Tech stocks becoming safe bet alternative to bonds



Tech
stocks are getting a makeover as investors increasingly use them
as a bond proxy.

AP / Gonzalo
Fuentes


Tech stocks are getting a makeover.

Though the stocks were historically a way to chase cyclical
growth, investors have started to trade them as a safe,
risk-averse alternative to bonds.

At the heart of the shift is the dearth of price swings in tech
shares, which has been a byproduct of the sector’s recent
success. As the group known as FAAMG — Facebook,
Apple,
Amazon,
Microsoft,
and Google
— has produced world-beating returns, their rising cash balances
and a lack of market shocks have sapped the entire tech sector of
volatility, Goldman Sachs says.

That low volatility has shifted the industry’s entire profile.
Tech is now more highly correlated with consumer staple and
utility stocks — both defensive groups offering reliable yields —
than at any point in the past 15 years, according to Goldman’s
data. On the flip side, tech is less correlated with “risk-on”
areas like financials, industrials, and materials than it has
been in, you guessed it, 15 years.

By extension, tech is also now negatively correlated with
interest rates, a reversal of the usual relationship. So as the
Federal Reserve takes its time with monetary tightening, it plays
right into the hands of the surging tech sector.
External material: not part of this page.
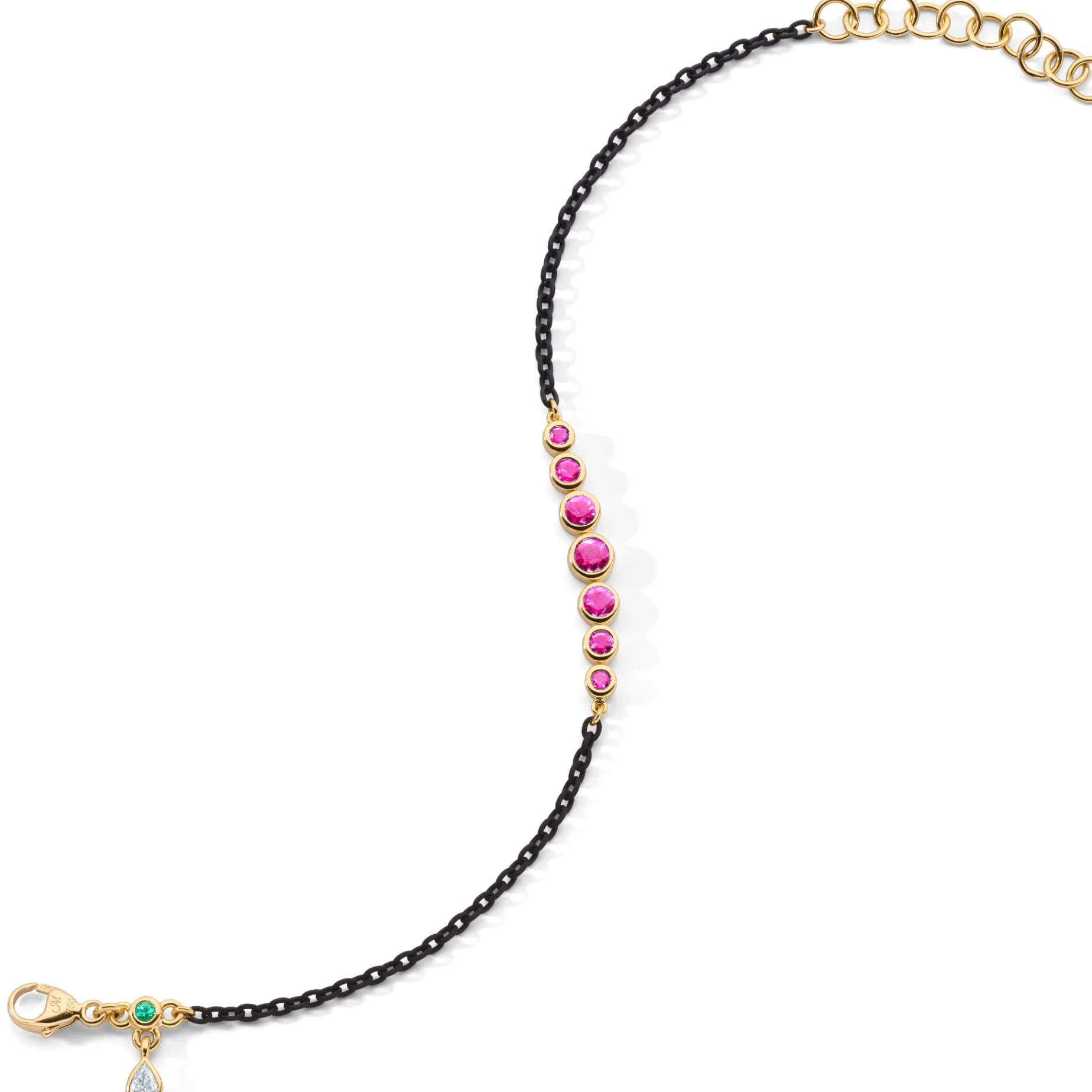 Bezel Set Round Pink Sapphire and Black Steel Tennis Bracelet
Screen Shot 2017 08 10 at 9.00.52 AM
Tech
stocks are the most positively correlated in 15 years with
consumer staples and utilities, two historically defensive areas
of the market.

Goldman
Sachs


Sounds good, right? Well, it may not be.

While Goldman concedes that the ongoing situation in tech is
working for the time being, it’s less optimistic about what could
happen if the broader market faces a shock. If price swings come
back in force, the party could be over.

“We believe low realized volatility can potentially lead people
to underestimate the risks inherent in these businesses,” Robert
Boroujerdi, the head of global securities research at Goldman
Sachs, wrote in a note from June. “Mechanically, we expect that
as the realized volatility of a stock drops, more passive ‘low
vol’ strategies buy the stock, pushing up the return and
dampening downside volatility. The fear is that if fundamental
events cause volatility to rise, these same passive vehicles will
sell and exacerbate downside volatility.”
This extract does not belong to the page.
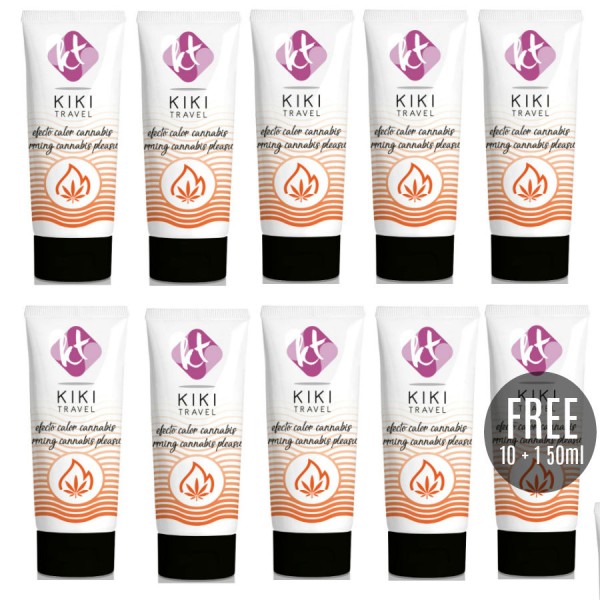 KIKI TRAVEL GEL DESLIZANTE SABOR A CANNABIS EFECTO CALOR INTENSO 50ML 10 1 GRATIS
In tech’s wake lie healthcare stocks, which were previously a
popular bond proxy but are now seeing their lowest correlation in
15 years with consumer staples stocks.

It’s entirely possible these sectors will revert back to their
historical roles. But with the US market fresh off several rounds
of unprecedented economic stimulus, and with the Fed about to
embark upon an unprecedented balance-sheet unwind, it’s safe to
say the investment playbook is being rewritten on the fly.